Интуиции веры Толстого глубоко верны… Но какая-то последняя целостность ускользает от его взгляда, здание не складывается1 ..

Толстому, кажется, вообще не даются самые корневые вещи (те, которые так точно умеет определять Достоевский). Толстой весь в движении жизни, в ее бурном потоке, играющем всеми цветами отраженного солнца (может, именно потому он инстинктивно и ищет опору в рационализме?) Однако конечные вещи (то глубинное онтологическое ядро вещей, в которое всегда устремлен взгляд Достоевского) ускользают от него. И ускользают, может быть, именно потому, что он не смиряется перед тайной, перед туманом дао, перед “мраком Бога”. Толстой с раздражением рассеивает всякий туман, который скрывает от его глаз простую и ясную правду. Но, возможно, в этом тумане и было сокрыто то главное, неназываемое? Толстой — жертва века позитивизма и просвещения, пронизывающего мир своим тусклым безжизненным светом. У Толстого есть свой свет. Но он включается, лишь когда писатель обращается к конкретному человеку (свет художественной формы). Когда же ему приходится оперировать абстракциями, он оказывается в мертвом холодном пространстве позитивизма. Ничего дурного в этом нет. Теория была ненавистна и Пушкину, но у Пушкина была мудрость не мыслить отвлеченно. А Толстой покусился…

Вообще, такое ощущение, что двум нашим великим глыбам — Достоевскому и Толстому достались в наследство от Пушкина одному вся глубина (сердце), а другому вся форма (видение играющего всеми красками бытия). Единственным достойным собеседником Толстого мог быть только Достоевский. Как два идеальных полюса они могли поддержать “магнитное поле” страны, сохраняя ее от крушения. Но… как не увидели друг друга Серафим и Пушкин (две руки Бога), так же сторонились друг друга Достоевский и Толстой… И здесь вечная беда и корень трагедии России — ее вечного полярного раскола…

5. Великая неудача (продолжение)

Говоря о причинах неудачи Толстого, необходимо сделать еще два коротких замечания. Во-первых, хочется вспомнить слова епископа Антонина Грановского, обращенные к Александру Введенскому, лидеру движения за обновление Церкви 1920 – 1930-х годов: “Обновление надо делать чистыми руками. Себя прежде обновить надо”. Искреннего в своих порывах Введенского часто заносило слишком далеко за этические границы. Столь же неоднозначен в своем справедливом возмущении и порыве был и Толстой, соорудивший из своего “не противься злому” настоящий железный таран для сокрушения церквей и правительств.
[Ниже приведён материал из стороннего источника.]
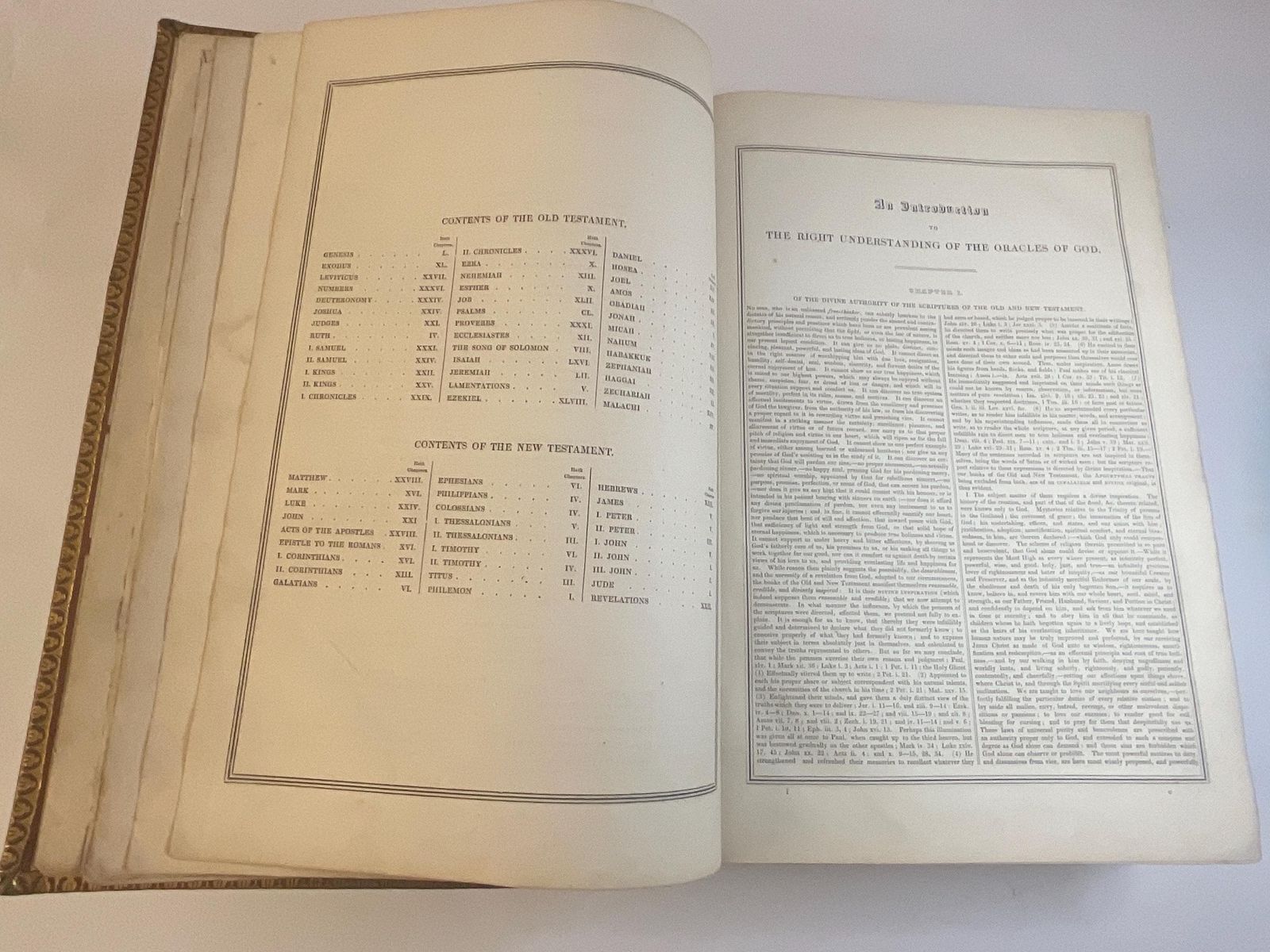 photo for sale Family Bible And Hannay Concordance C.1840, Tightly Bound, Monumental Leather Folio.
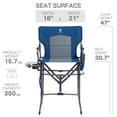 thumbnail image 4 of EVER ADVANCED Portable Tall Folding Camping Chair, 30.7" Seat Height Directors Chair High with Side Table, Foldable Chair for Makeup Artist, Craft Show, Supports 350 lbs, Blue, 4 of 7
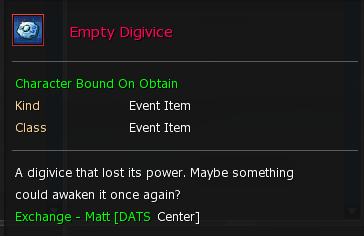 Empty Digivice + NPC Matt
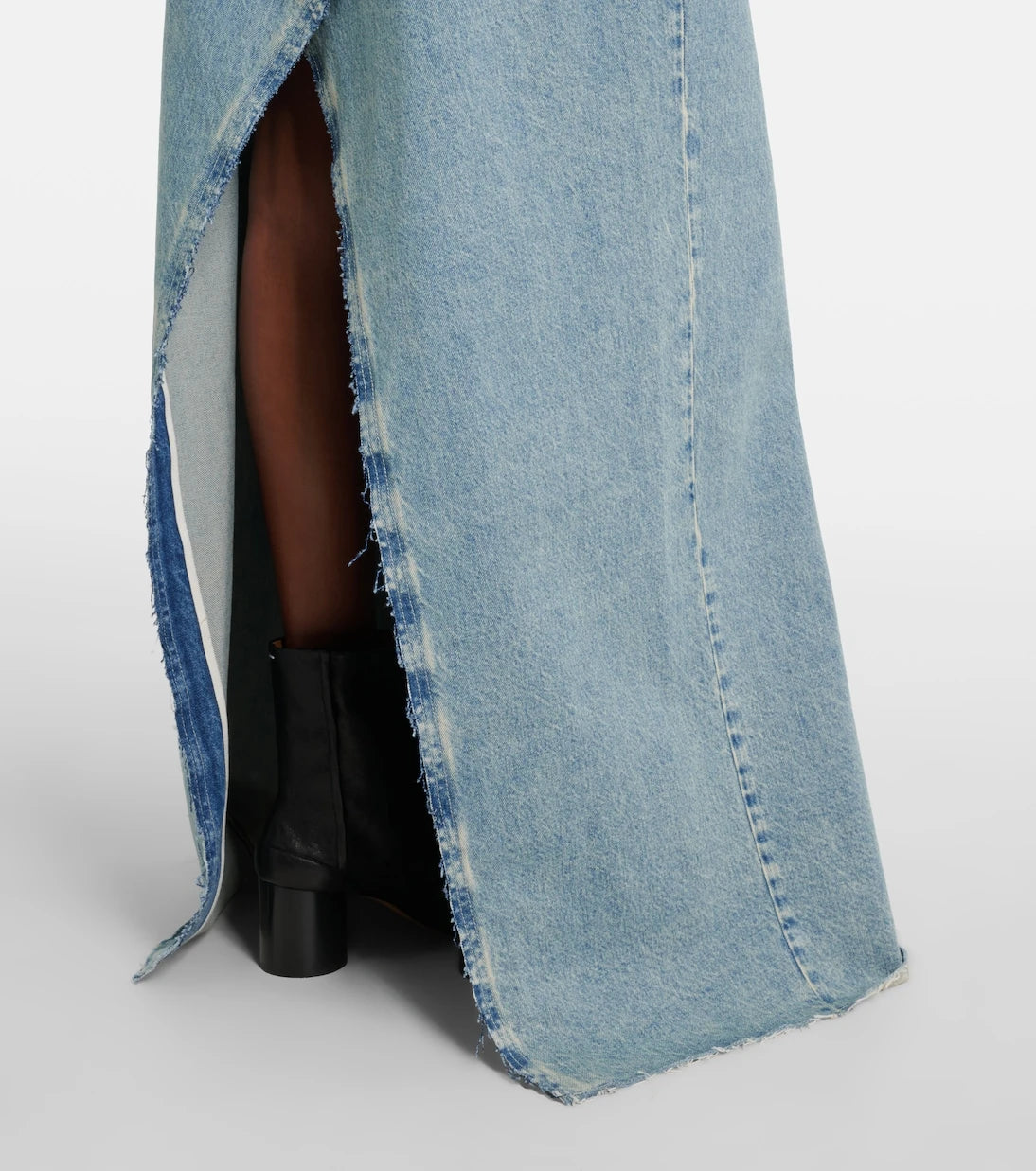 Maison Margiela - Frayed denim maxi skirt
А между тем само это “непротивление” уже существует, уже высказано и выражено в идеальной совершенной классической форме. Где же? Семен Франк указывает нам на единственного русского писателя, сумевшего дать “идеальный ответ на зло” — на Пушкина.

По Франку, уникальность Пушкина в том, что он никогда не пытается изменить мир, принимая его таким, как он есть, и приветствуя “своего брата” в каждом мирском воплощении. Универсализм Пушкина не только в способности перевоплощаться и чутко воспринимать иные культуры (как понимал это Достоевский), но в духовной открытости всем без исключения впечатлениям бытия: “Душа его раскрыта для радостей жизни и для мрачного уныния и тоски, для гармонии и для дисгармонии в жизни, для диких, безумных страстей и мудрого стоического спокойствия, для одиночества и для общения, для аристократической утонченности и для простоты народной жизни, эпикуреизма и жертвенного героизма, для квиетизма и для творческой энергии, для гордости и для смирения, для непреклонного отстаивания свободы и для мудрого понимания смысла власти и подчинения”2 .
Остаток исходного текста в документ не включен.